3.1 Algebraic perspective

See also Agresti 2.1.1, Dunn and Smyth 2.4.1, 2.5.2

Now, suppose that we are given a dataset \((\boldsymbol{X}, \boldsymbol{y})\). How do we go about estimating \(\boldsymbol{\beta}\) based on this data? The canonical approach is the method of least squares: \[ \boldsymbol{\widehat{\beta}} \equiv \underset{\boldsymbol{\beta}}{\arg \min}\ \|\boldsymbol{y} - \boldsymbol{X} \boldsymbol{\beta}\|^2. \] The quantity \[ \|\boldsymbol{y} - \boldsymbol{X} \boldsymbol{\widehat{\beta}}\|^2 = \|\boldsymbol{y} - \boldsymbol{\widehat{\mu}}\|^2 = \sum_{i = 1}^n (y_i - \widehat{\mu}_i)^2 \] is called the residual sum of squares (RSS), and it measures the lack of fit of the linear regression model. We therefore want to choose \(\boldsymbol{\widehat{\beta}}\) to minimize this lack of fit.
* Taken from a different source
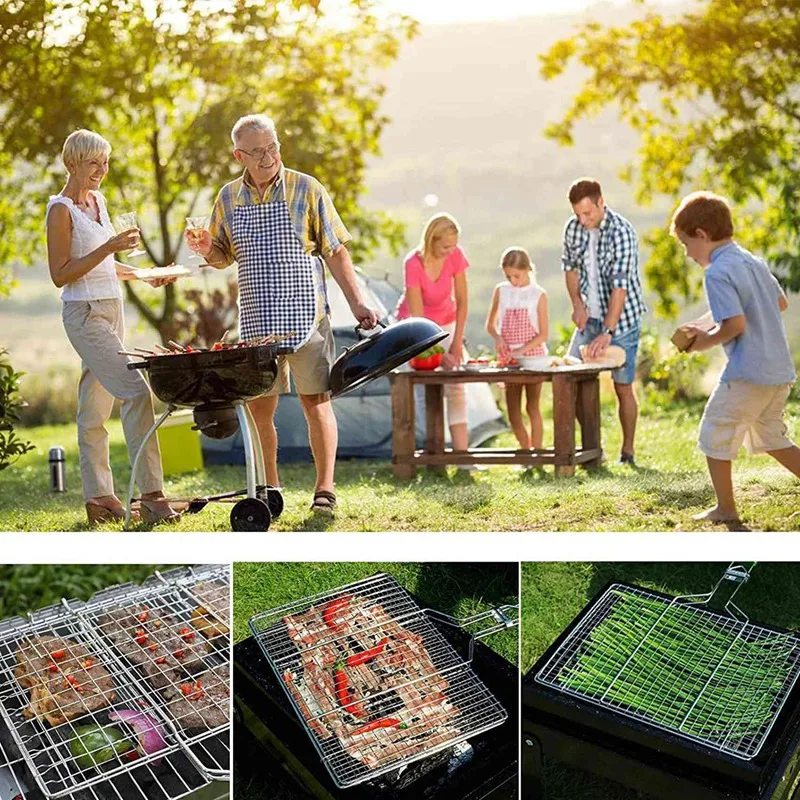 Barbecue Grilling Basket Portable Stainless Steel Grill Folding BBQ Net Accessories with Wooden Handle |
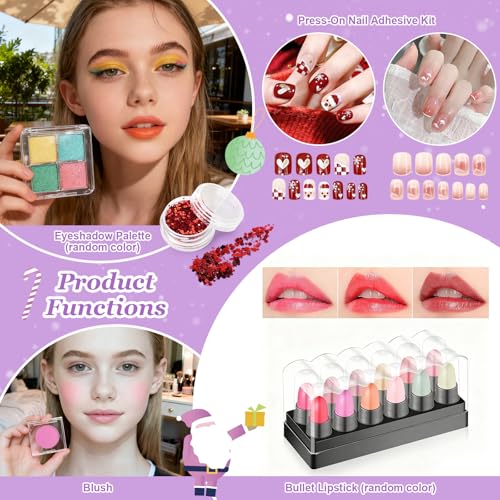 Makeup Advent Calendar 2026 For Teen Girls, Afflano Beauty Advent Calendar 24 Day, Eyeshadow Nail Lipstick Eyeliner Makeup Sets Christmas Gifts For Girls 12-18 Years, Xmas Surprises Gifts For Women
Letting \(L(\boldsymbol{\beta}) = \frac{1}{2}\|\boldsymbol{y} - \boldsymbol{X} \boldsymbol{\beta}\|^2\), we can do some calculus to derive that \[ \frac{\partial}{\partial \boldsymbol{\beta}}L(\boldsymbol{\beta}) = -\boldsymbol{X}^T(\boldsymbol{y} - \boldsymbol{X} \boldsymbol{\beta}). \] Setting this vector of partial derivatives equal to zero, we arrive at the normal equations: \[ -\boldsymbol{X}^T(\boldsymbol{y} - \boldsymbol{X} \boldsymbol{\widehat{\beta}}) = 0 \quad \Longleftrightarrow \quad \boldsymbol{X}^T \boldsymbol{X} \boldsymbol{\widehat{\beta}} = \boldsymbol{X}^T \boldsymbol{y}. \tag{3.1}\] If \(\boldsymbol{X}\) is full rank, the matrix \(\boldsymbol{X}^T \boldsymbol{X}\) is invertible and we can therefore conclude that \[ \boldsymbol{\widehat{\beta}} = (\boldsymbol{X}^T \boldsymbol{X})^{-1}\boldsymbol{X}^T \boldsymbol{y}. \tag{3.2}\]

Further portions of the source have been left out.